This comment from monstersbox got me thinking:

A 4-2-5 [defense] is a nickel. It’s called a strong nickel or a big nickel. But with 3 safeties instead of 3 DBs while playing what looks like a 4-4-3. They only used it when Bob came back, but they used it. Hagler was playing like a safety when he was starting at WILL though.

Our discussion was on what kind of defense Tony Dungy's Tampa-2 evolved into after his seven years in Indy. Obviously, his defense in Tampa Bay was the gold standard for the Tampa-2. In Indy, because he did not have Warren Sapp (defensive tackle), Derrick Brooks (linebacker), or Ronde Barber (cornerback), Coach Dungy had to make adjustments. Indeed, the Super Bowl-winning Colts players who manned the positions made famous by the gentlemen just listed were Raheem Brock (defensive tackle), Cato June (Linebacker), and Nick Harper (cornerback).
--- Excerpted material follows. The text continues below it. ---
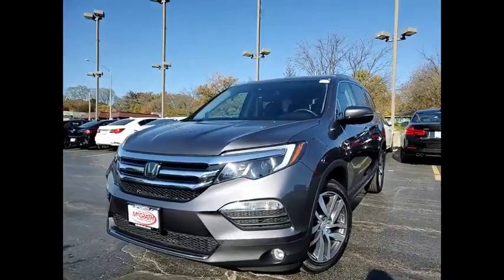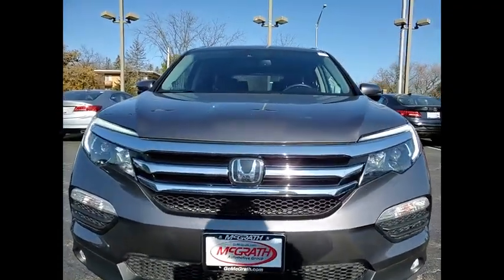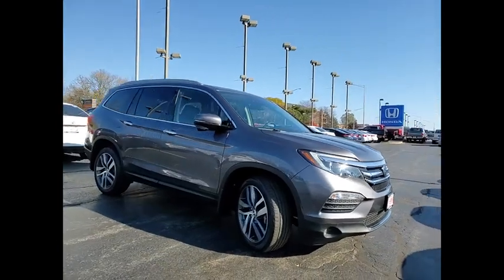We are pleased to show you the 2018 Pilot — optimal utility, indulgent interior, powerful performer. You'll be ready for almost anything in the Honda Pilot.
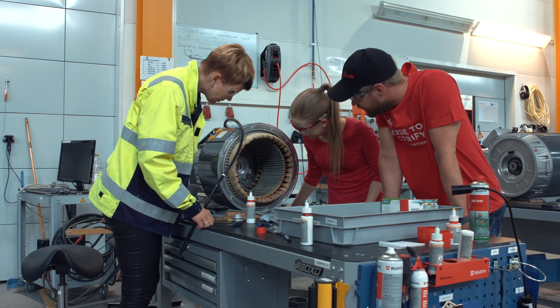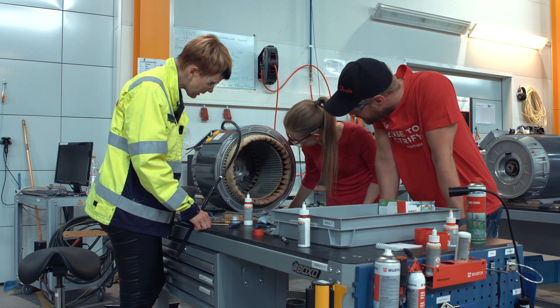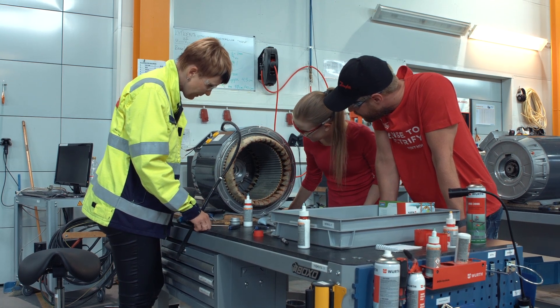I have always been interested to know how all the devices work, what's inside and that kind of things, so I think engineering wasn't really a hard choice for me.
One of Dungy's tweaks during his coaching tenure was to deploy a base 4-2-5 look. This means 4 defensive linemen, 2 linebackers, and 5 defensive backs. Colts fans saw this alignment extensively during the 2006 playoff run, along with a standard Cover-3 look, which saw Bob Sanders leave his safety spot in a 4-2-5 look, drop down in the box as a linebacker, and proceed to decapitate opposing ball carriers.

We refer to this defense here as the Bob Sanders Beatdown Defense, or BSBD.


The Cover 3 defense


Again, this is a variation, a tweak, of the famed Tampa-2. Is it "pure" Tampa-2? Of course not. If you ran Tampa-2 all day, opposing offenses would pick you apart. Variation of some kind is necessary to keep opponents honest. It is the degree of variation that often separates the Bill Belichicks from the Tony Dungys. Our old fiend Billy Boy deploys a wide variety of variation for each of his defensive game plans. It is a reason rookies and younger player rarely thrive in the Patriots defense. The notable exception was last year's Jerod Mayo.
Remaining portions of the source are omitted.